“This is what the Lord, the God of the Hebrews, says: ‘How long will you refuse to humble yourself before me? Let my people go, so that they may worship me. If you refuse to let them go, I will bring locusts into your country tomorrow. They will cover the face of the ground so that it cannot be seen. They will devour what little you have left after the hail, including every tree that is growing in your fields. They will fill your houses and those of all your officials and all the Egyptians—something neither your fathers nor your forefathers have ever seen from the day they settled in this land till now.”

— Exodus 10:3–6


Many people have a favorite food. I do, probably you do too, but often, in developed countries, people glaze over the origin and painful process behind the food that we love and crave so much.

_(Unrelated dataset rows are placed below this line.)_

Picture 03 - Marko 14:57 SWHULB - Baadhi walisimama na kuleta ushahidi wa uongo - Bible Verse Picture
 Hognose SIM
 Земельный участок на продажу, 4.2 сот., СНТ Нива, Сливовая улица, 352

People who don’t rely on food as a source of income don’t take into thought where the food came from, where the ingredients originated from, who grew the ingredients, none of these things are taken into account by the average person in a developed country. However, in developing countries, food is the way of life. Agriculture plays one of the largest roles when it comes to the economy because it’s a reliable source of income and money when the circumstances are favorable.

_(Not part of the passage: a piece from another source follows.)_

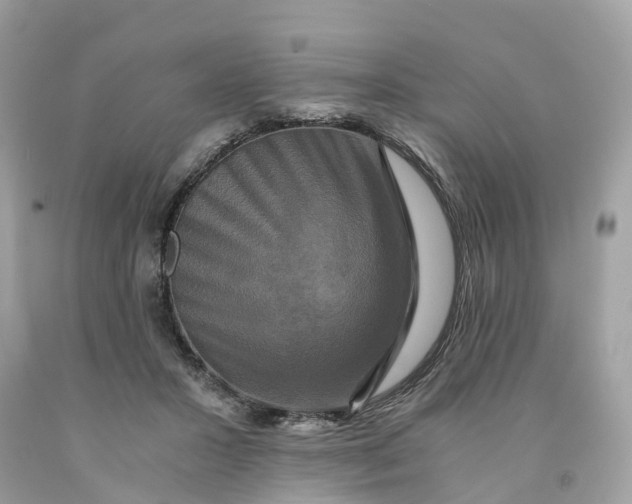 X0000091480407200709061843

Unfortunately, an unexpected turn of events have occurred – during the past two years, the ideal breeding environment for locusts has come to fruition mainly in Africa, the east especially, due to widespread heavy rainfall, the Indian Ocean Dipole, consecutive cyclones, and global warming. The environment is so ideal to the point where, according to the OCHA/FAO Briefing on the Desert Locust Situation in East Africa, the 2020 Dessert Locusts Infestation represents the worst infestation in 25 years for Ethiopia and Somalia and in 70 years for Kenya.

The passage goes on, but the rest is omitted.